## Instructions to follow
Give back every line of the material exactly. Skip the pictures.

****************************************

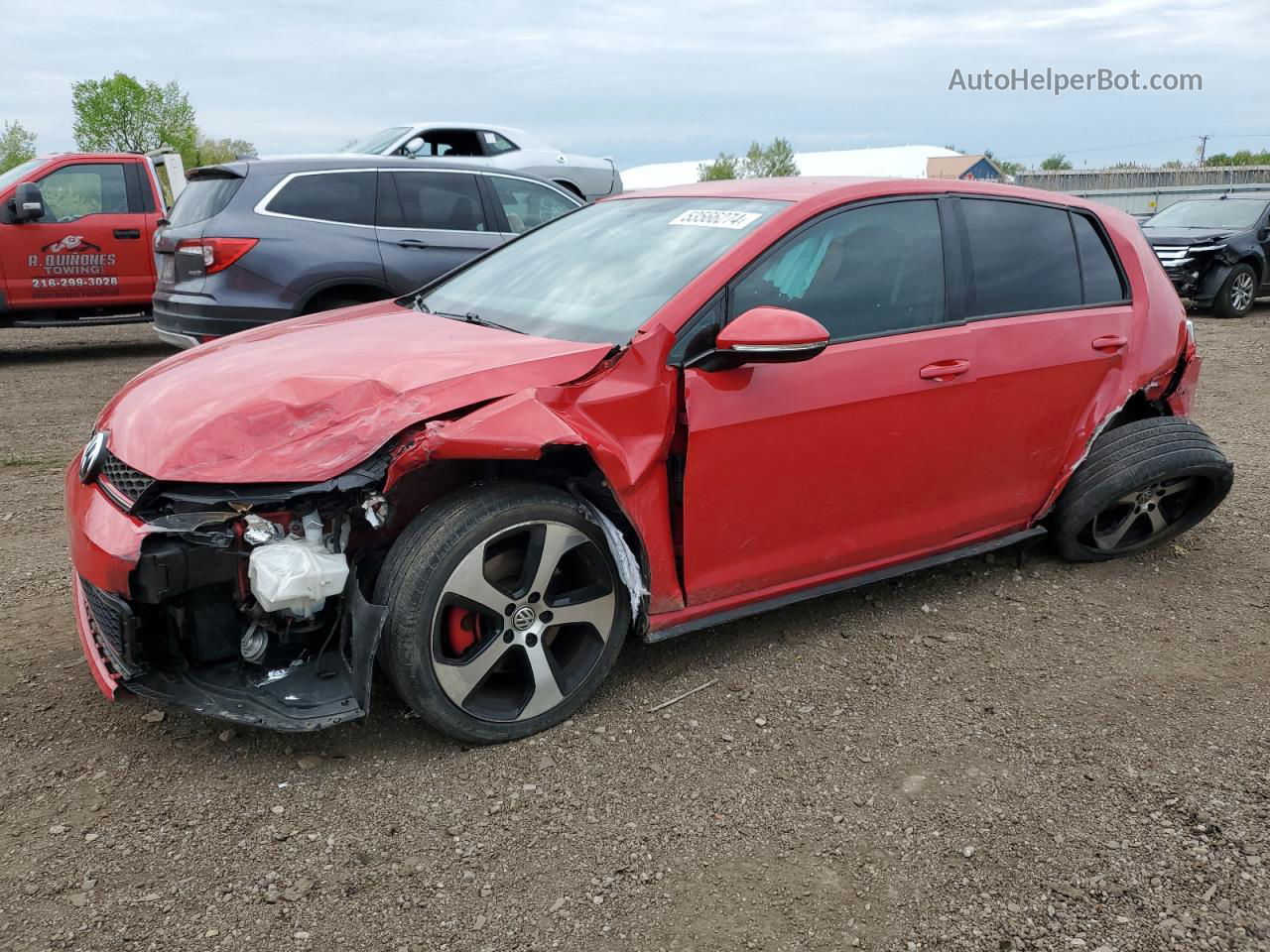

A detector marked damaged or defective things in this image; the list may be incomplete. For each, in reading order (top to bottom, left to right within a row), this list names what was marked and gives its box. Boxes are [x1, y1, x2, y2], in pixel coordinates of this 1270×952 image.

broken headlight area [111, 474, 393, 731]
crumpled fender [383, 327, 686, 611]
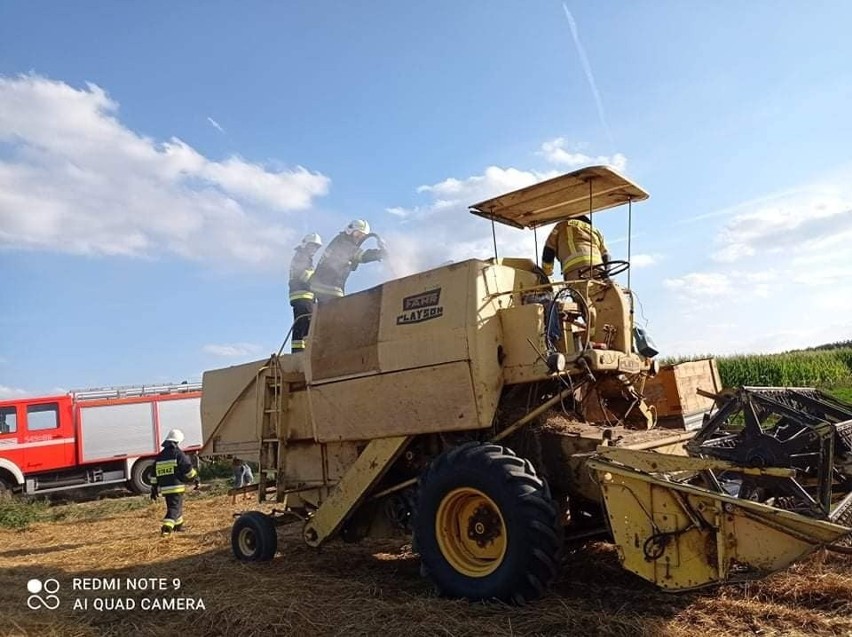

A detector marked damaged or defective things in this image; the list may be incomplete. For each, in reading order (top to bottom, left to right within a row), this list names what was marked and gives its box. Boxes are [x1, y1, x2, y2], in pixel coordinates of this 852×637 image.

rusty metal panel [310, 362, 480, 442]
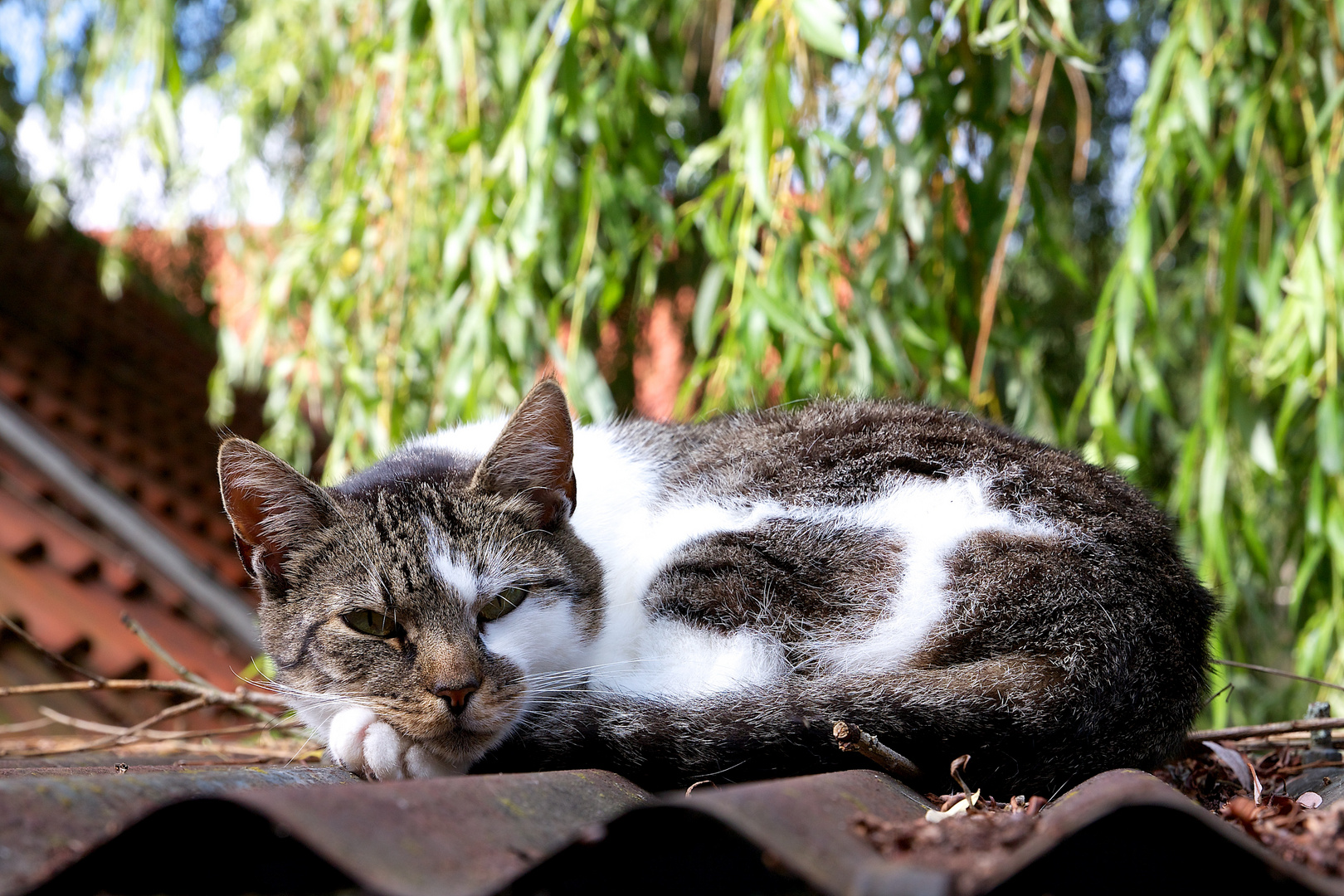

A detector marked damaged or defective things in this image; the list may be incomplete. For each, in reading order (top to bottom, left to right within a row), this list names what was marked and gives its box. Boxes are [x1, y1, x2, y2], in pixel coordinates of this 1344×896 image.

rusty metal roof [5, 762, 1338, 896]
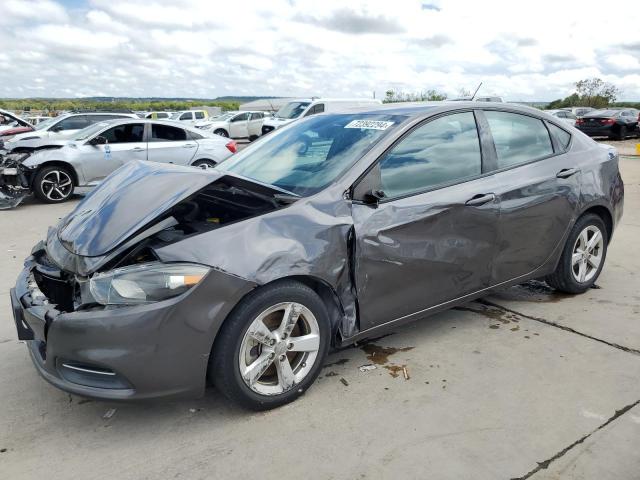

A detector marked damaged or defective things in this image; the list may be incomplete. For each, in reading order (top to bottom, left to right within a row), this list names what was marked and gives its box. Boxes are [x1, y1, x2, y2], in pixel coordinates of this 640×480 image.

damaged front end [0, 151, 31, 209]
damaged car hood [55, 160, 225, 258]
crumpled front bumper [10, 249, 255, 400]
crack in concrete [480, 300, 640, 356]
crack in concrete [510, 398, 640, 480]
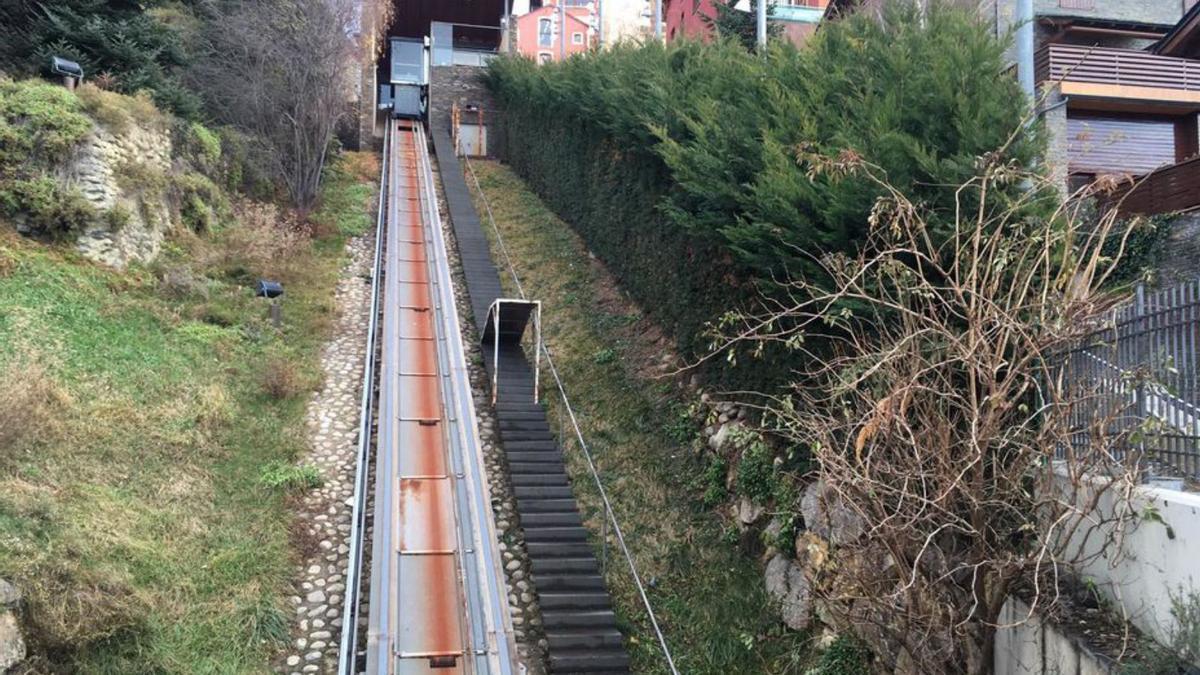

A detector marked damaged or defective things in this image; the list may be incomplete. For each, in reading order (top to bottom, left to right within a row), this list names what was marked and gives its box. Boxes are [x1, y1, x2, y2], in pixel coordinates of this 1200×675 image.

rusty metal rail [338, 120, 516, 672]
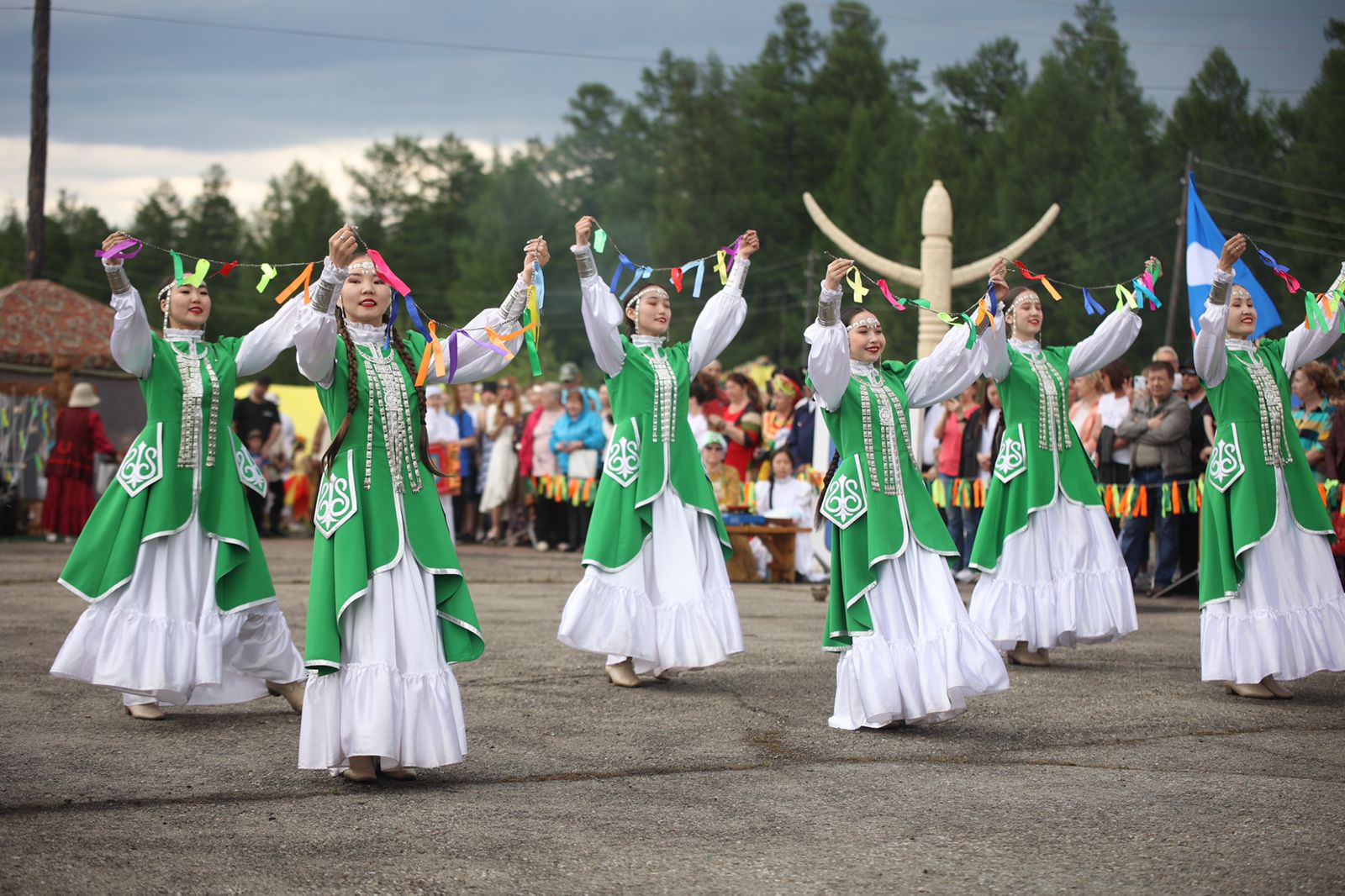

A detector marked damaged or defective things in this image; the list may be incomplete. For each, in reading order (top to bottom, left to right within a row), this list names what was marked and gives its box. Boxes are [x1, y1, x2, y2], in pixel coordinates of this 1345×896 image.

cracked pavement [3, 532, 1345, 888]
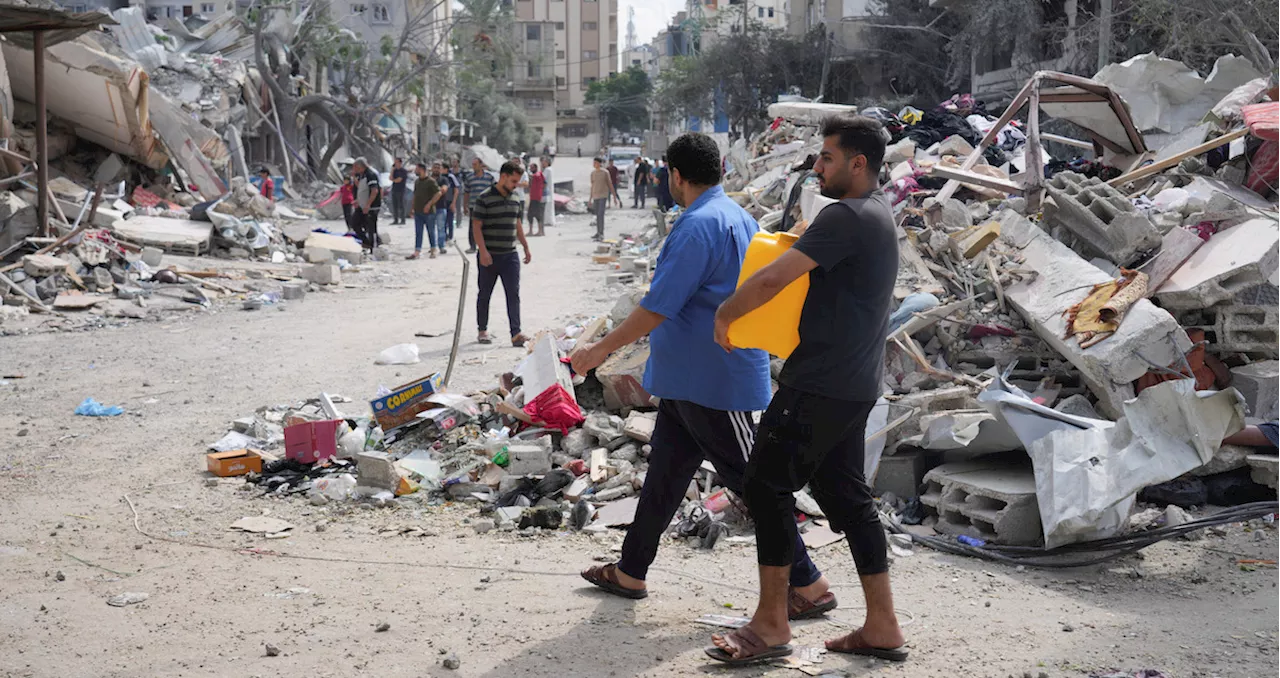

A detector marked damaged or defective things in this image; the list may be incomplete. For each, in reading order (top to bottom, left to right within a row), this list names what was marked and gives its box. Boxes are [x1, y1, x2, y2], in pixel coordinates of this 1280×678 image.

broken concrete [1048, 171, 1168, 266]
broken concrete [1152, 219, 1272, 310]
broken concrete [996, 209, 1192, 420]
broken concrete [924, 456, 1048, 548]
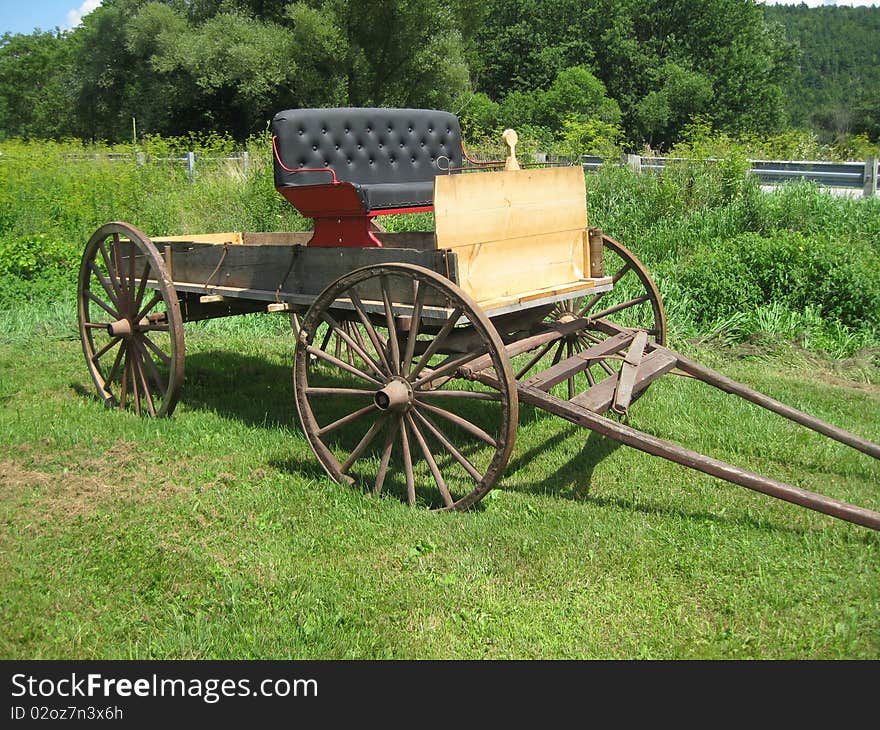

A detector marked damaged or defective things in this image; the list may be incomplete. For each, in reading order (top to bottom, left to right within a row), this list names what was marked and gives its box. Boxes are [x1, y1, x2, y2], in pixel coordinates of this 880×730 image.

rusty iron wheel rim [76, 220, 185, 416]
rusty iron wheel rim [292, 260, 520, 506]
rusty iron wheel rim [512, 233, 664, 400]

****************************************

## Answer section
A detector marked damaged or defective things in this image; the list may be incomplete. For each, in reading order (top to bottom, left to right within a row), this list names what was marked and gives its box. Boxes are [x1, y1, x2, y2], in pixel coordinates of this 1270×952 image.

broken headlight area [111, 474, 393, 731]
crumpled fender [383, 327, 686, 611]

A detector marked damaged or defective things in this image; the list may be incomplete. For each, in reading order (top to bottom, left to right within a row), this list names what was marked and gives its box. Boxes are [x1, y1, x2, y2], in pixel coordinates of this 852×637 image.

rusty metal panel [310, 362, 480, 442]

A detector marked damaged or defective things in this image; the list may be incomplete. For each, in reading order (top to bottom, left to right within a row), this list names what was marked and gives its box. Boxes are [x1, y1, x2, y2], in pixel coordinates of this 1344×896 image.

rusty metal roof [5, 762, 1338, 896]

A detector marked damaged or defective things in this image; the list may be incomplete. For each, in reading order (top to bottom, left to right within a row), this list names what was marked and gives its box. Boxes are [x1, y1, x2, y2], in pixel coordinates of this 640×480 image.

damaged front end [0, 151, 31, 209]
damaged car hood [55, 160, 225, 258]
crumpled front bumper [10, 249, 255, 400]
crack in concrete [480, 300, 640, 356]
crack in concrete [510, 398, 640, 480]

A detector marked damaged or defective things in this image; the list may be incomplete. For each, in reading order (top to bottom, left to right within a row), this list names what was marked and gives its box. Boxes are [x1, y1, x2, y2], in pixel coordinates of this 1200×675 image.

rusty metal rail [338, 120, 516, 672]

A detector marked damaged or defective things in this image; the list may be incomplete. For each, in reading order (top to bottom, left to right within a row), this list names what was marked and gives its box. Boxes are [x1, y1, x2, y2], in pixel coordinates of this 1345×896 image.

cracked pavement [3, 532, 1345, 888]

A detector marked damaged or defective things in this image; the list may be incomplete. For each, in reading order (top to bottom, left to right within a row), this list names what was marked and gives its box. Boxes are [x1, y1, x2, y2], in pixel coordinates of this 1280×678 image.

broken concrete [1048, 171, 1168, 266]
broken concrete [1152, 219, 1272, 310]
broken concrete [996, 209, 1192, 420]
broken concrete [924, 456, 1048, 548]

A detector marked damaged or defective things in this image; the list may be incomplete. For each, in reading order (top to bottom, left to right within a row), this list names what was marked and gives its box. Boxes are [x1, y1, x2, y2], in pixel coordinates of this 880×730 image.

rusty iron wheel rim [76, 220, 185, 416]
rusty iron wheel rim [292, 260, 520, 506]
rusty iron wheel rim [512, 233, 664, 400]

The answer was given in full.